Just when I thought Granny had lost all of her scruples, and was about to revoke her Sunday School card, she drew the line. I walked into the living room last night and Granny was about to lose her dinner. My cousin was watching something on MTV. I figured it was a music video. So I sit down. They were watching THE epitome of a polygamist dating show...A Shot at Love With Tila Tequila....a bisexual polygamist dating show. Talk about greed. Men and women. That's where Granny drew the line. In my research on this topic, I read on wikipedia that Tila Tequila eliminated one of the women on her show because she seemed to have problems with monogamy...does monogamy exist in the world of "reality" dating? Isn't that an unfair judgment?

It got me to thinking about love in general and how hoodooed people seem when looking for love. One of my favorite metaphors comes from Plato's Symposium. Aristophanes says that in primal times all men were spherical and we all possessed four arms, four legs, two heads and two sets of genitalia. We rolled around the earth's surface. There were three sexes: all male, all female and the androgynous or the hermaphrodite. The spherical humans set up a plan to scale the heights of heaven to take down the gods. Some of the gods wanted to destroy the entire race of humans. But the didn't want to lose the offerings. So the solution was just to make the humans weaker by chopping them in half. And so ever since then, we've run around earth saying that we're searching for our other half because we're really trying to return to our original forms. In one metaphor, he describes homosexual and heterosexual erotic love.

Anyway, the bottom line is, I decided not to judge these people who participate in these shows because perhaps we're all hapless half-beings rolling around looking for love.

3 comments:

Kelley said...

You and your philosophy. =)
Sometimes I wonder why I ever watched snippets of that show myself... but it makes for the best kind of tasteless entertainment.
Anyway, yea, I agree -- pursuing your other half, however many at a time, whatever gender they happen to be, is fine any way you choose to go about it, as long as the other person agrees. Even if it's televised on Vh1.

Sojourner G said...

Ahhh...an intellectual in blogosphere [inhaling the clean fresh air].

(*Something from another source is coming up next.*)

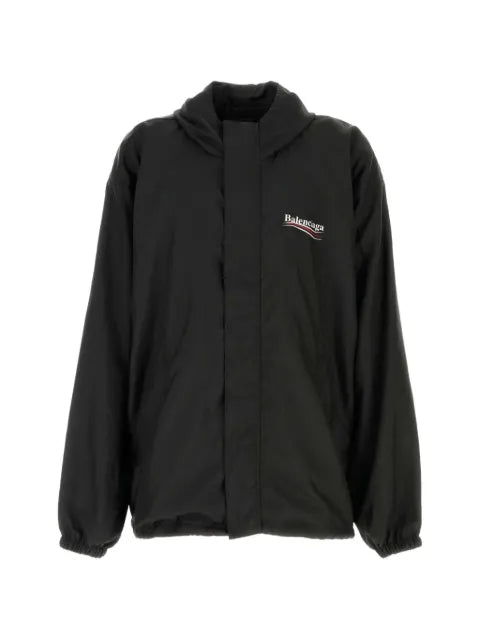 Balenciaga hooded jacket with logo print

Well I guess it all depends on your perspectives and belief system. We has humans have many histories. Even heros of the bible were polygamists in the extreme (read: Solomon-with 1000 women could he really have been that wise?).

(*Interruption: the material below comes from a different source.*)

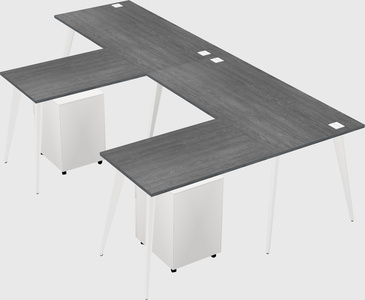 Modern l-shaped office desk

But where do we in today's society in general and American society specifically draw the line? Or do we draw a line?

The land of the free and the home of the brave?

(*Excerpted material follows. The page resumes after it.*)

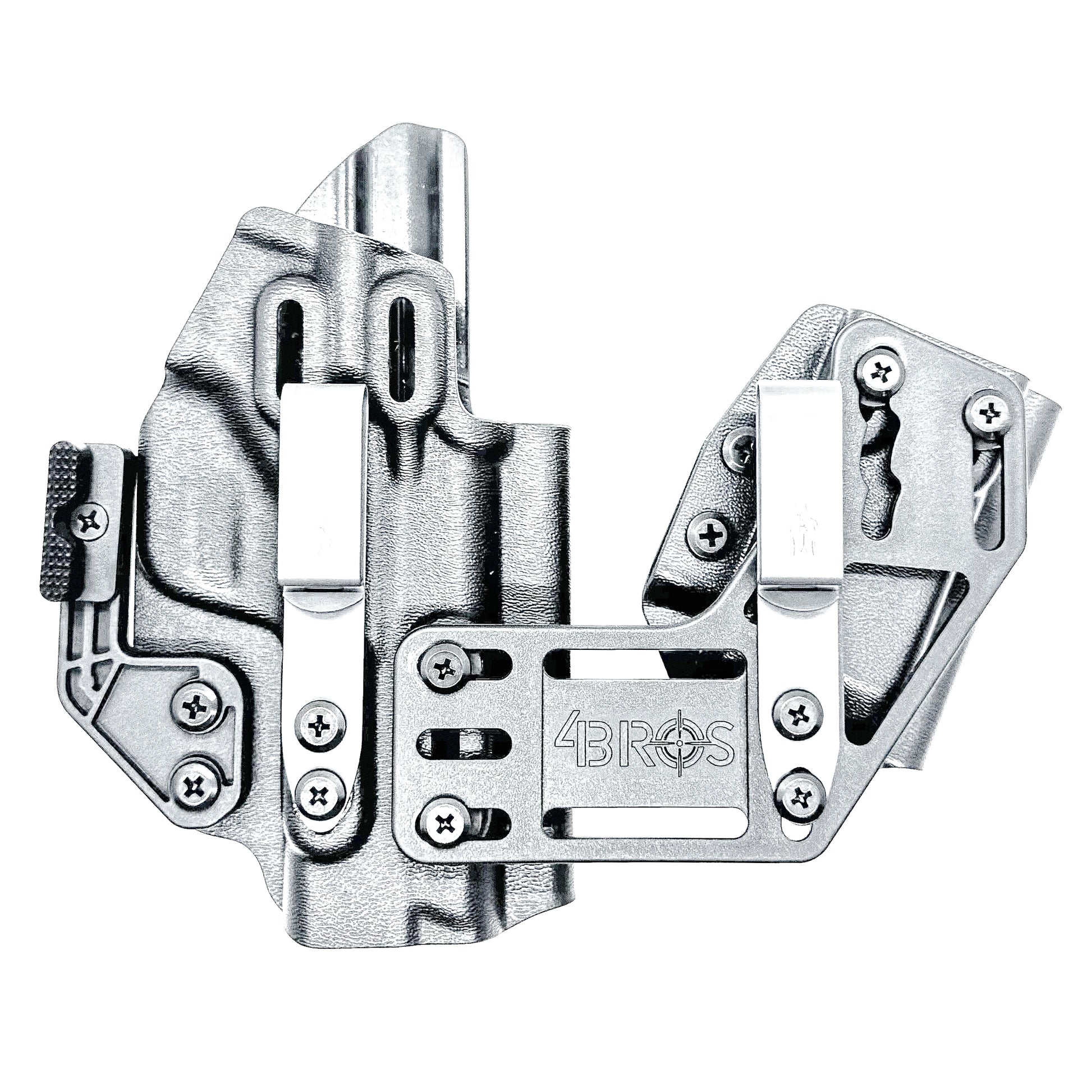 4BROS Smith & Wesson M&P 10MM M2.0 RaceCar Appendix Rig combines comfortable Inside Waistband carry with an adjustable IWB appendix holster for concealed carry.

We're now the land of the individual.

Fenix said...

Kelley, tasteless and mindless. I think I enjoy watching people make fools of themselves. And that's the scary thing, the fact that there is a market for these kinds of shows, even if it is procrastinating college students like us. lol

Sojourner, I'm glad to be your breath of fresh air. And the scary thing is that we don't draw lines anymore. It seems the more offensive the entertainment is, the more we love it. Scary times.